This means that every webpage you have visited, every comment you have made, and every trace you have left can be traced. This is terrifying because there are some contents I usually browse that I don’t want others to see, even if those contents are unproblematic. Because I think this is part of my private personal life. If others can know what I have read, it feels like my bedroom is wide open, turned into a zoo, where I can be watched at will.
This seemingly makes social governance more convenient, but running "naked" on a transparent Internet will probably make the Internet lose its due significance. It is precisely because of the existence of virtual space that many people are willing to post things they are unwilling to say in public life and browse the information they want.
If every subtle clue is controlled through data supervision, will people still dare to randomly browse things or speak freely online? In other words, what counts as "random browsing," and what kind of speech is considered "random speech"?
I recall that Professor Li Zhi from Peking University, opposing the gate guard system of Peking University, refused to enter by scanning his face at the gate and instead climbed over the barrier, racing with the security guards.
Li Zhi was concerned about freedom and privacy, because "free access to universities is natural and rightful." Setting up artificial obstacles in the name of security may seem to make universities safer, but it also castrates the most important spirit of freedom in universities.
Moreover, the gate face-scanning technology comes at the cost of individuals giving up their freedom of portrait.
For those who care about individual privacy, perhaps we should also, like Professor Li Zhi, "climb over" the online IDs and online certificates.

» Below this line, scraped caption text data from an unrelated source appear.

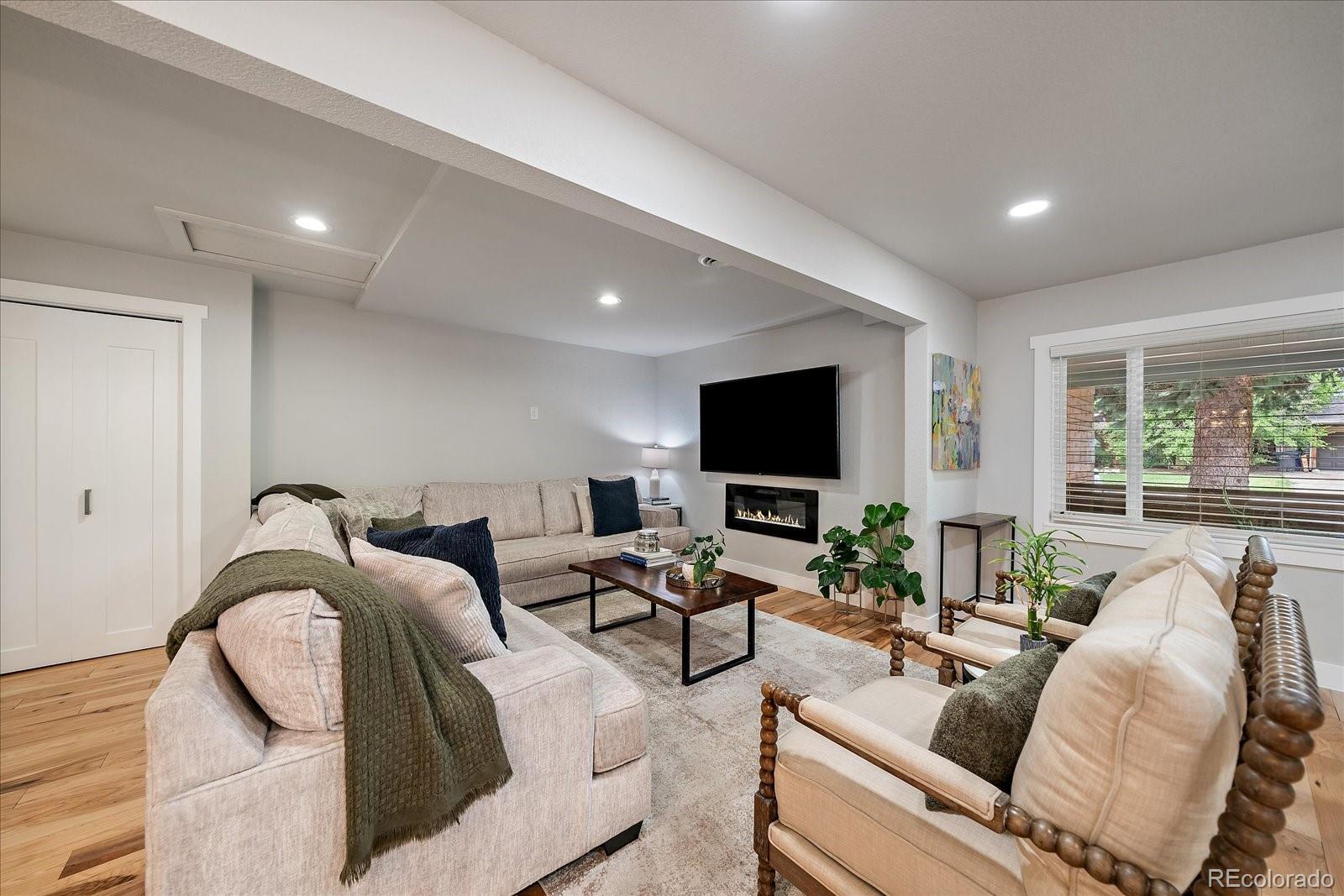 MLS Image #6 for 2865 s cherry way,denver, Colorado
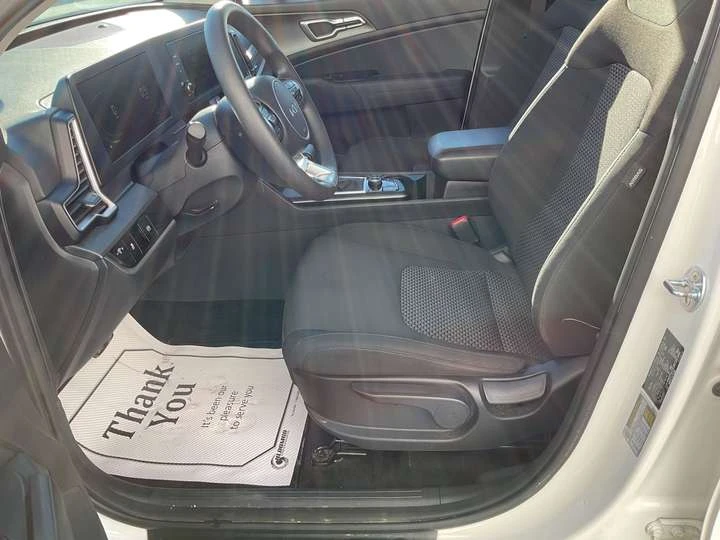 Kia Sportage, снимка 8 - Автомобили и джипове - 54427435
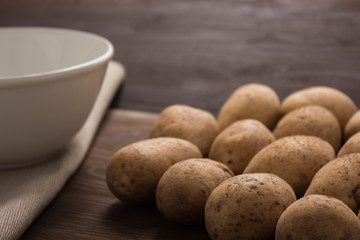 Kartoffel und Schüssel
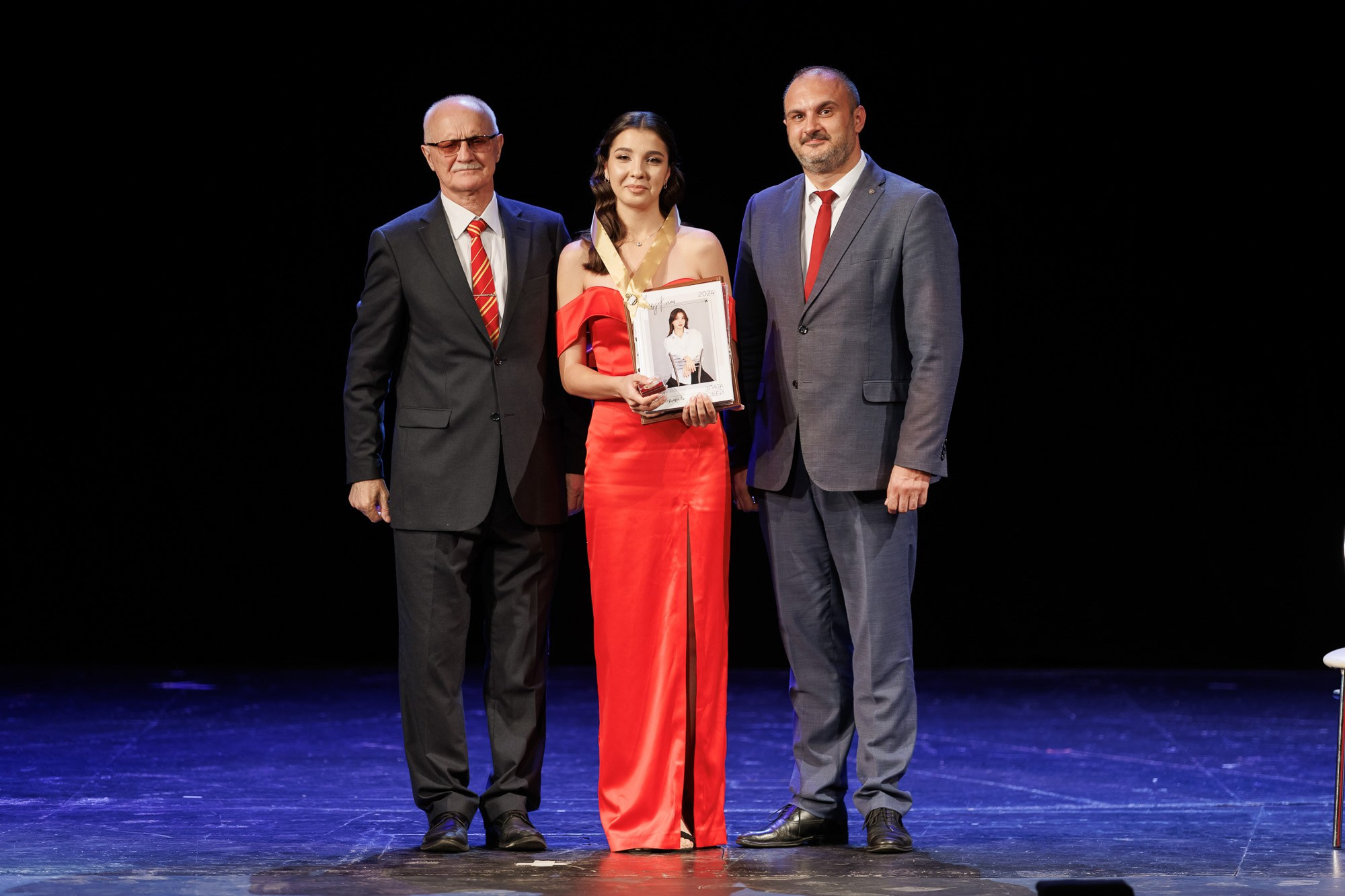 Выпускной вечер в Севастопольской гимназии № 1 имени А. С. Пушкина. Свадебный фотограф, фотосъемка в Крыму, Севастополе, Симферополе, Ялте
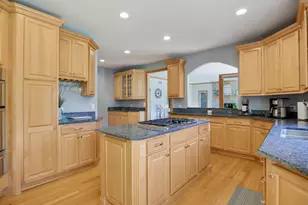 40W675 Stonebriar Ln, Elgin, IL 60124 - Photo 12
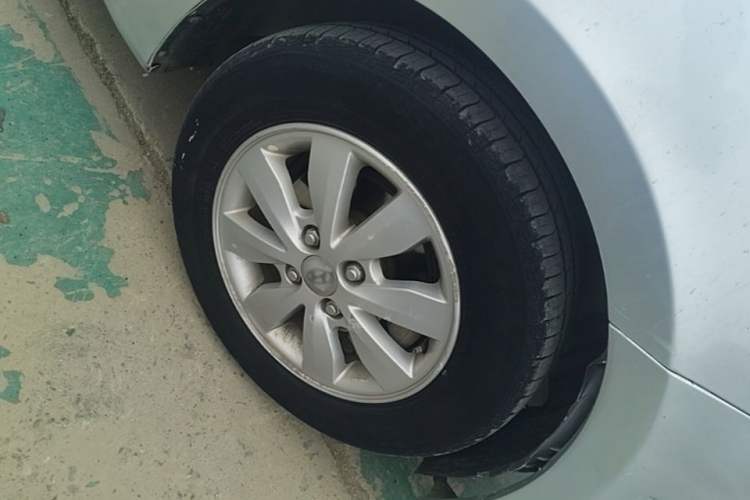 Used Hyundai Verna (older generation) 2010 Sedan 1.4L Manual Comfort GS Right Front Wheel Hub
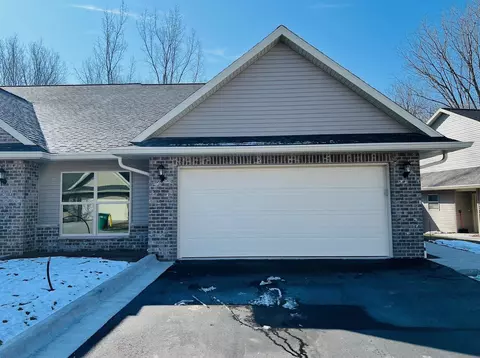 2447 Remington Rd # -7, Green Bay, WI 54302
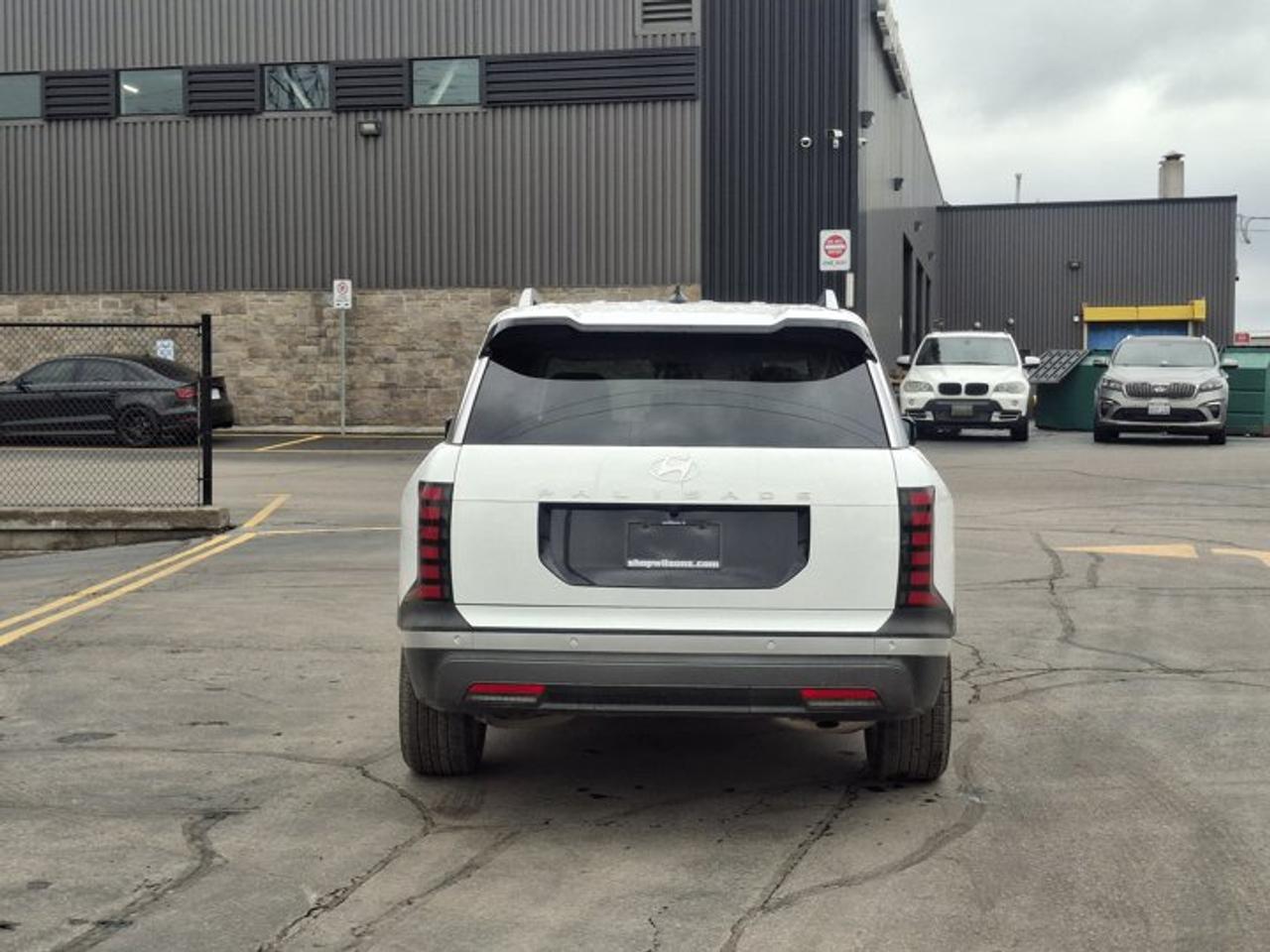 2026 Hyundai PALISADE Preferred Trend AWD | Leather | Sunroof | Heated + Cooled Seats | Heated Steering | and More ! Photo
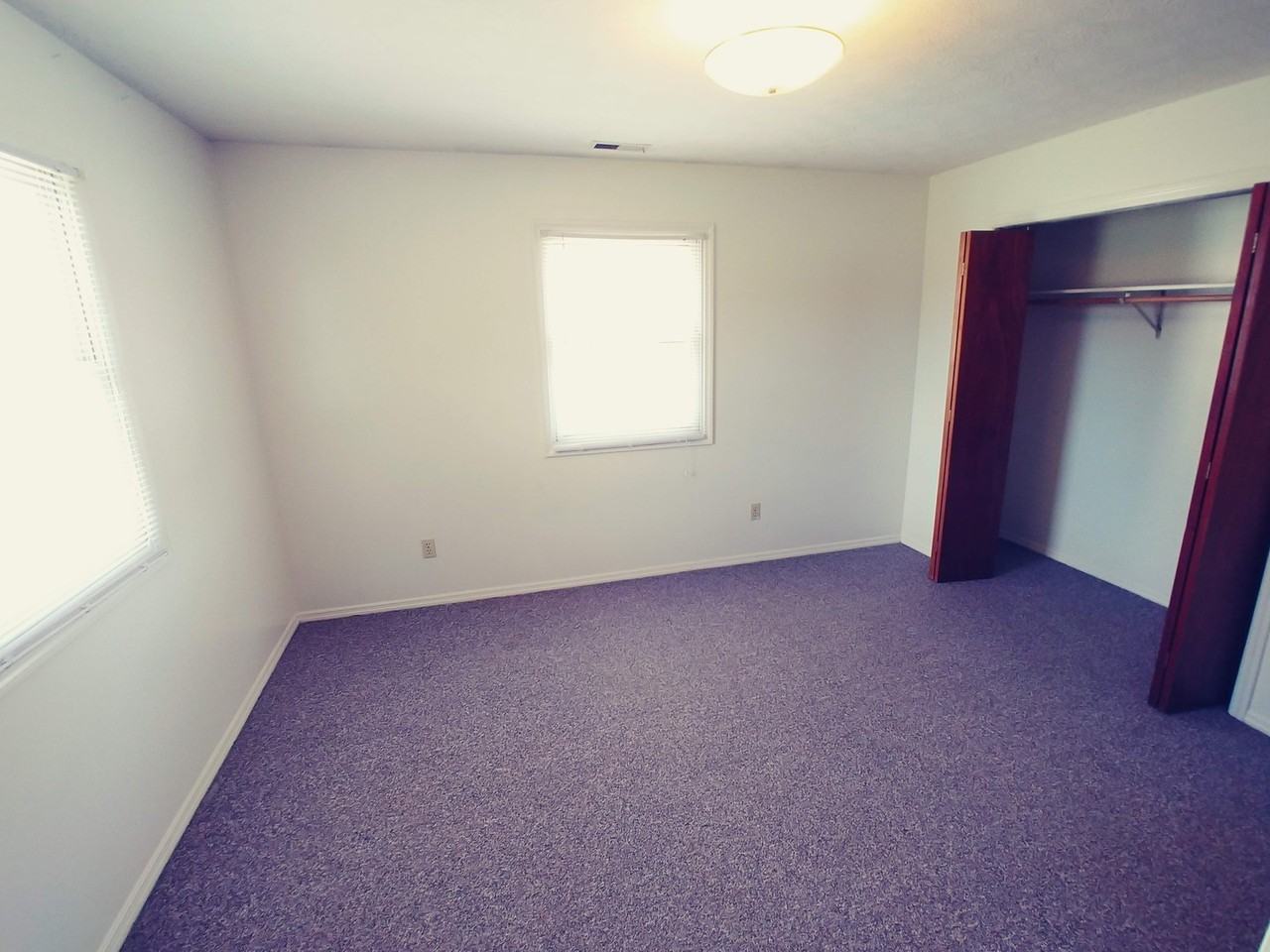 1739 N Lincoln St - Photo 4 of 9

Only when we ourselves consider privacy important will system designers be more humane when considering issues such as security and management. If we ourselves don’t take privacy seriously, then why not directly use big data technology? Social management would become a puppet show, and I believe this is not the form we want to see.
For the management of cyberspace, the difficulty has never been technology, but social ethics. Technically, achieving the effects of online IDs and online certificates could have been realized long ago. The problem is that once it is widely applied and becomes a social consensus, many subsequent troubles will arise. Once we give up this privacy, we will not feel distressed when giving up any future privacy.
Hackers are a problem.
But a more potential problem is that once everything is transparent, those privatized spiritual lives will be even less valued. People live in the sunlight, with no place for shadows to hide. Yet a large part of our personality is precisely in the shadows. Protecting one's own secrets is actually protecting one's own dignity. If you don’t take yourself seriously, I suppose giving it up is okay. But those who still value individual spiritual life should strive to become masters of "hurdling," just like Truman escaping (from The Truman Show).